Les fossoyeurs de la RDC ne manquent pas d’imagination pour faire disparaître leur proie. Ce qu’ils ont raté par la balkanisation, ils voudraient l’obtenir par l’asphyxie, à savoir le desséchement de la Cuvette centrale et la désertification du pays.

Une rencontre inédite s’est tenue les vendredi 4 et samedi 5 avril 2014 en Italie. Quatre Etats y étaient représentés, à savoir le Niger, le Nigeria, le Tchad et le Cameroun. Au menu : rechercher des fonds pour sauver le lac Tchad. Mais comment entrevoir sauver le lac Tchad à partir des eaux de la rivière Ubangi sans associer le Congo-Brazzaville, la RCA et la RDC ? L’offensive menée en Italie ressemble à une messe noire contre la RDC.

Les pays de la conférence du bassin du lac Tchad viennent de boucler une tournée de collecte des fonds auprès des bailleurs de fonds en Italie. Les pays riverains du lac Tchad ont ainsi cogité à Bologne et à Rimini en Italie. Pour le Tchad, le Niger, le Nigeria et le Cameroun, il s’agissait d’obtenir de leurs partenaires un décaissement de 800 millions d’euros. L’objectif recherché est de renflouer le lac Tchad qui a perdu 90% de sa superficie en cinquante ans.

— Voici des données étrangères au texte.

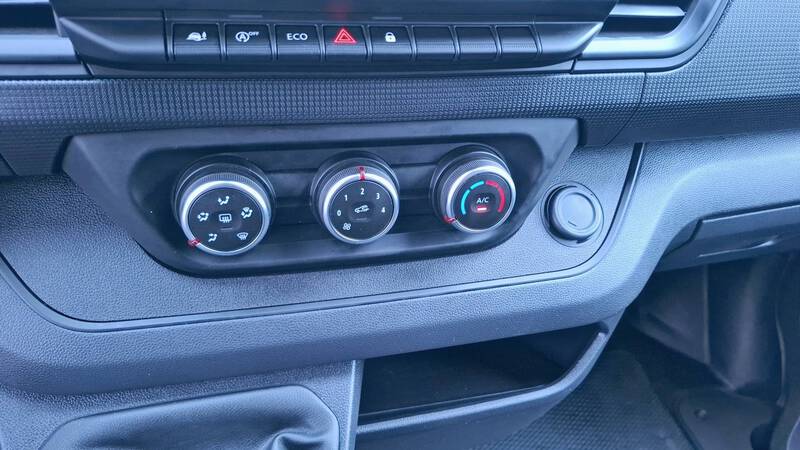 Renault Trafic Fourgon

Sauver le lac Tchad est une bonne chose pour les populations environnantes estimées à plusieurs millions de personnes. La République démocratique du Congo, le Congo-Brazzaville et la République Centrafricaine sont les premiers concernés par cette opération. A moins que l’objectif soit celui de rechercher de l’eau vers d’autres sources au point d’éviter les premiers concernés dans le processus.

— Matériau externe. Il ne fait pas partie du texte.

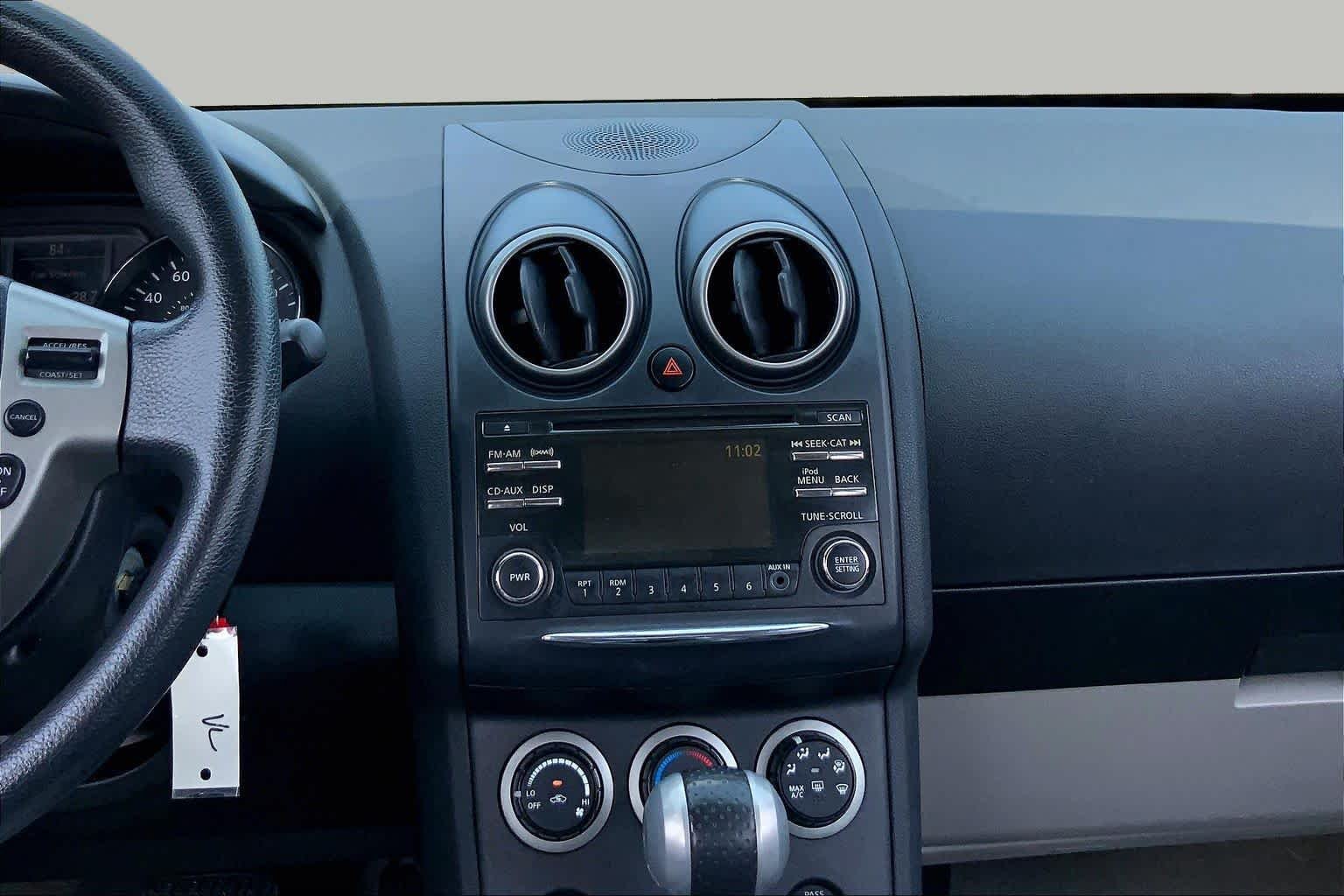 Used 2014 Frosted Steel Nissan S image 7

N’existe-t-il pas d’autres points d’eau pour sauver le lac Tchad en dehors de la rivière Ubangi en RDC ? Les études sont menées et des issues sont proposées à travers des structures comme CICOS. Entre autres objectifs de cette structure est de permettre au lac Tchad, sur qui repose la vie de nombreux Africains, de reprendre vie.

Obasanjo à la manette

La proposition a jailli de l’ancien président nigérian Olusegun Obasanjo. Ce général venu à la rescousse de la RDC en guerre en 1998, avait cru bien faire de mettre les bouchées doubles. Il avait sollicité M’Zee Kabila pour sauver le lac Tchad en contrepartie des efforts internationaux consentis pour la pacification de la RDC. Cette diplomatie de coulisses a failli porter d’autant plus que le défunt président avait donné son accord de principe. Mais c’était sans compter avec un sursaut patriotique de l’ancien maquisard, qui avait plus d’un tour sous ses manches. Son préalable : la consultation des experts congolais sur le sujet avant d’envisager n’importe quelle décision.

Des experts consultés ont démontré l’impertinence de cette démarche. Fort heureusement pour la RDC, un colloque sur l’eau organisé pendant la même période à l’université de Kinshasa a permis aux scientifiques d’éclairer la décision des politiques. La RDC et les autres pays directement concernés n’avaient aucun intérêt à tirer de cette forme de solidarité. L’opération proposée dans ce cadre était pire qu’un simple changement de direction à donner à l’eau de la rivière Ubangi. Qui plus est, personne ne disait avec précision et de manière irréfutable les causes de l’assèchement du lac Tchad.

Capture = détournement définitif du lit

Les scientifiques avaient démontré par des arguments massues que l’opération de capture qu’on voudrait effectuer sur la rivière Ubangi serait purement et simplement un détournement définitif du lit du fleuve. Le lac Tchad étant situé en contrebas de la rivière Ubangi, le desséchement de la Cuvette centrale sera inéluctable et irréversible. La rivière Ubangi risquerait de quitter le Bassin du fleuve Congo pour devenir définitivement partie intégrante du Bassin du lac Tchad.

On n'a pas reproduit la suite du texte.